Medical AI Raises New Privacy Risks: Deepfake X-Rays Are Just the Start
Artificial intelligence in medical imaging has delivered real progress—faster reads, fewer missed findings, and more consistent diagnoses. But a quieter, less welcome development has begun to surface: the same technology that lets AI spot a tiny lung nodule can also be turned around to create convincing fake medical images. In May 2026, researchers presenting at the Radiological Society of North America (RSNA) described how deepfake X-rays and CT scans can fool both radiologists and the AI systems designed to catch forgeries. The takeaway isn’t that medical AI should be abandoned, but that patients and professionals need to understand the privacy and security gaps that come with it.
What Happened
The RSNA research, first reported by the society in March and expanded on in May, demonstrated that manipulated medical images—created using common generative AI tools—can pass visual inspection by human experts and bypass AI-based detection tools. The fakes weren’t crude overlays; they were synthetic images that altered anatomy in subtle but significant ways, such as adding or removing a tumor. Attackers could use these images for insurance fraud, to claim or deny coverage, or even for medical identity theft.

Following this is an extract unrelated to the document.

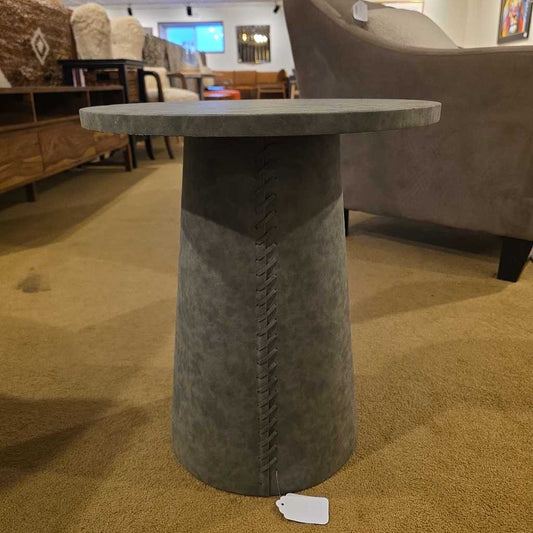 Round table with a textured base and marble-like top in a furniture store setting.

The study did not claim that such attacks are widespread today. But it showed that the technical barrier is low enough that motivated actors—insiders with access to image databases, or external attackers who compromise cloud storage—could produce convincing forgeries. The findings echo similar work in other domains, such as deepfake audio and video, but carry a higher stakes because the “truth” of a medical image can directly affect treatment decisions and financial outcomes.
Why It Matters
Medical imaging AI creates privacy risks in several distinct ways. First, the training datasets used to build these AI models often contain thousands of patient scans, sometimes de-identified but not always with strong guarantees. If a model is later exposed through a breach or shared improperly, those scans can be reconstructed or traced back to individuals. Second, many hospitals now use cloud-based AI services for image analysis, meaning patient data leaves the local network and travels through third-party infrastructure. The more hands touching the data, the more points of failure.
The deepfake angle adds a new layer: even if patient data remains private, it can be used to create fraudulent evidence. An insurer or employer might receive a manipulated scan that falsely shows a condition—or falsely clears someone of one. Because the technology exists and the detection gap is real, the burden shifts to patients to ask the right questions and to healthcare organizations to adopt stronger safeguards.
What Readers Can Do
Patients undergoing medical imaging don’t need to become cybersecurity experts, but a few practical steps can reduce risk:
Ask about data handling before the scan. Imaging centers and hospitals should have a clear policy on where images are stored, who has access, and whether AI services are used. If the answer is vague, that’s a red flag. You have a right to ask, especially if you’re paying out-of-pocket or your insurance doesn’t cover the facility.
Opt out of research use if you are uncomfortable. Many institutions allow patients to decline having their images used to train or test AI models. This may limit future improvements in care, but it also reduces the number of copies of your scan floating around. The choice is yours, and it should be explained in plain language.
Request a record of all data sharing. Under HIPAA in the United States and similar laws in other countries, you can ask for an accounting of disclosures of your health information. If you ever suspect misuse, this can help trace where a leak or an unauthorized use occurred.
Be aware that insurance and legal disputes involving imaging can be vulnerable. If you are ever involved in a personal injury claim or disability case, ask your lawyer or advocate to verify the chain of custody for any medical images submitted as evidence. Deepfakes are not yet a routine problem, but the capability exists.
Support stronger institutional policies. As a patient, you can encourage your provider to adopt tamper-detection measures like digital watermarks or cryptographic hashing for images. Some hospitals are already testing such tools; the more demand there is, the faster they will spread.
Sources
- Radiological Society of North America (RSNA), “Medical Imaging AI Opens a Pandora’s Box of Privacy-Related Risks,” May 2026.
- RSNA, “Deepfake X-Rays Fool Radiologists and AI,” March 2026.
- General background on healthcare data breaches and AI risks from published patient safety literature and news reports (multiple sources, 2024–2026).
None of this means medical AI is a bad idea—it remains a powerful diagnostic tool. But every technology creates new problems alongside the solutions it offers. The key is to enter with open eyes and practical precautions, not with fear or denial. For now, the best protection is a well-informed patient who asks the quiet, necessary questions.